Bahsettiğim gibi Zeki Güner’in kapısını çaldım. Samsun Bey’de yaşadığım mucizeyi kendisinde de yaşadım. Bir Ferhat Göçer, bir Bengü statüsündeymişim gibi ilgiyle karşılaşınca gerçek profesyonellerin adil, eşit ve mütevazı olduklarına tanık oldum. Bana sonsuz inanarak en güzel şarkılarından ikisini emanet etti.

NO NAME OLMAK KESİNLİKLE DEZAVANTAJ 

‘Sonsuza Kadar’ düğün şarkısı olarak görülüyor. Bu benzetilmeden memnun musunuz?  

Aslında biz nişan şarkısı olarak düşünmüştük (gülüyor). Böyle anılması güzel fakat böyle şeylere ben çok inanmıyorum. Çünkü sevgililer bir şarkıda, herhangi bir günde, herhangi bir yerde, hatta sokak ortasında bile ilk danslarını edebilirler. 

 

‘No Name’ baskılı tişörtler yaptırıp radyoculara dağıttınız. Neden böyle bir şey yaptınız? ‘No Name’ olarak algılanmakla ilgili sorun mu yaşıyorsunuz? 

‘No Name’ olmak bu kadar. ‘Name’ kişi arasında kesinlikle bir dezavantaj. Radyolarla ilgili hangi kapıyı çalsam bu etiketle karşılaştım. Bu tişörtler içinde bulunduğum bu durumla içsel barışımımdır. 

Yeni çıkış yapan biri olarak en çok zorlandığınız durum ne oldu? 
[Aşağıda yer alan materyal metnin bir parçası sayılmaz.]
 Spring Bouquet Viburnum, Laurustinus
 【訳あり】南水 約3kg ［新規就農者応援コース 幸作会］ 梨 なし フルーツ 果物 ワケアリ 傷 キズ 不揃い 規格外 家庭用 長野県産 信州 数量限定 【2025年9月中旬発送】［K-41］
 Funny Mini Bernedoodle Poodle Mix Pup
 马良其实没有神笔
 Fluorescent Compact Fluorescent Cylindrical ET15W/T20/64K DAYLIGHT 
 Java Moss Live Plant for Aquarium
Profesyonel bir ekiple çalıştığım için çok hasar aldığımı söyleyemem ama en iyi erkek şarkıcının çıtası Tarkan’dan başlayan bir ülkenin şarkıcıları arasına girmek gerçekten azim gerektiren zorlu bir yol. 

ÇOK ÇABALAMAM GEREKİYOR

Müzik sektörünün yeni şarkıcılara bakış açısını nasıl değerlendiriyorsunuz?  
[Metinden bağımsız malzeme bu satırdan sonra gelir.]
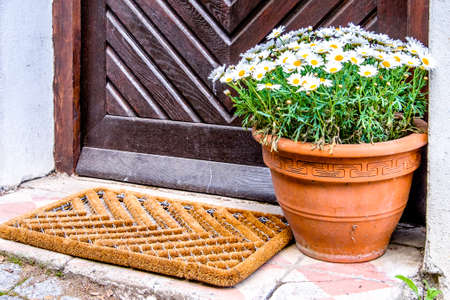 flowers at an entrance - closeup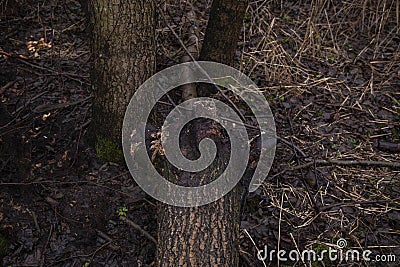 Trees felled by beavers Stock Photo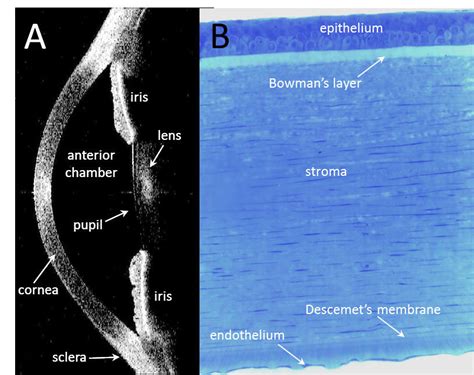 The Human Corneal Anatomy A In Vivo Cross Section Of The Cornea And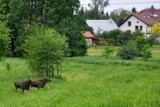 Łosie sparaliżowały ruch na autostradzie [ZDJĘCIE]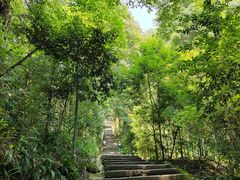-缙云山景区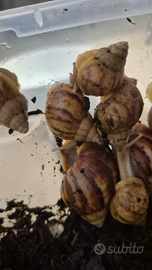 Lumaca Gigante Africana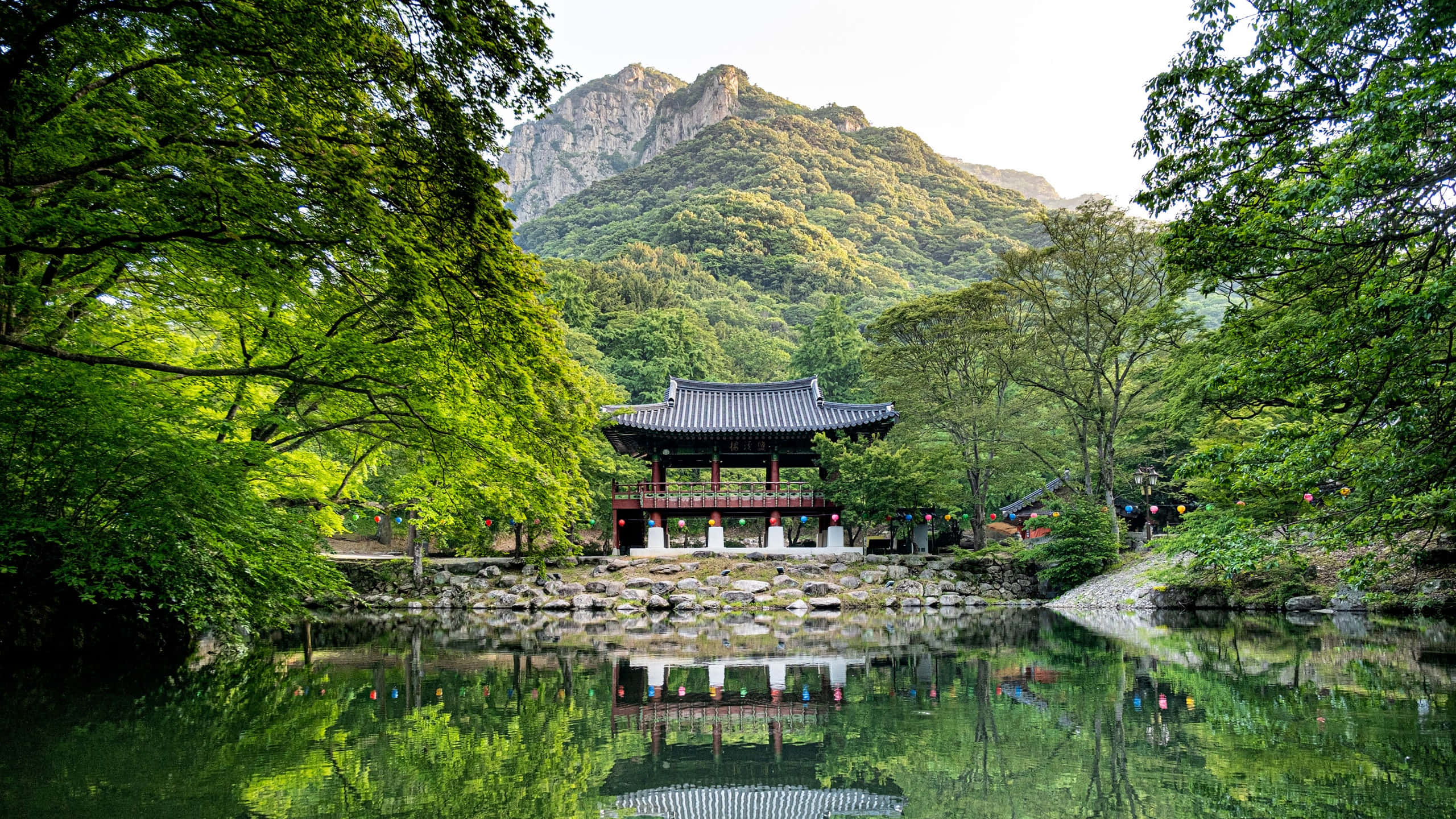 南韓 桌布 壁紙 — 一座傳統韓國亭閣寧靜地坐落在平靜的池塘邊，池塘倒映著茂密的綠樹和森林覆蓋的山脈，在柔和的光線下。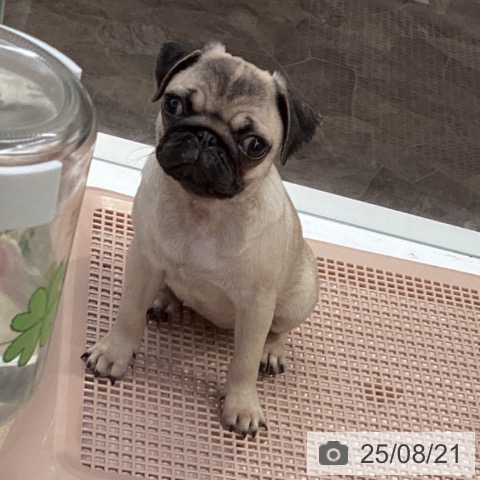 パグの写真
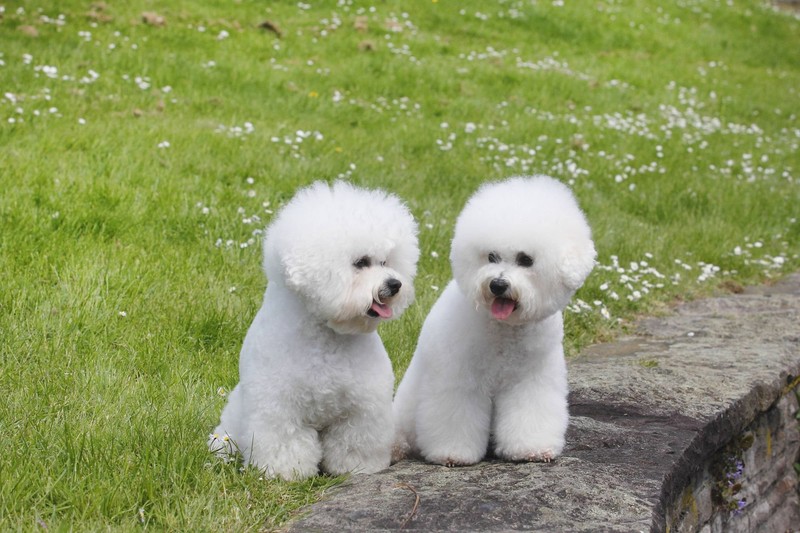 Abwechslung ist für den Bichon Frisé das A und O.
Hangi açısı dik açısı mı? (gülüyor). Ciddi anlamda bir açısı olduğunu düşünmüyorum. Dikkat çekmek bakışları kendime döndürmek için çok çabalamam gerekiyor. 

Sonraki projeniz nedir? 

Arayı çok açmadan iki şarkılık bir single planım var. Ayrıca konser çalışmalarımız da başlıyor.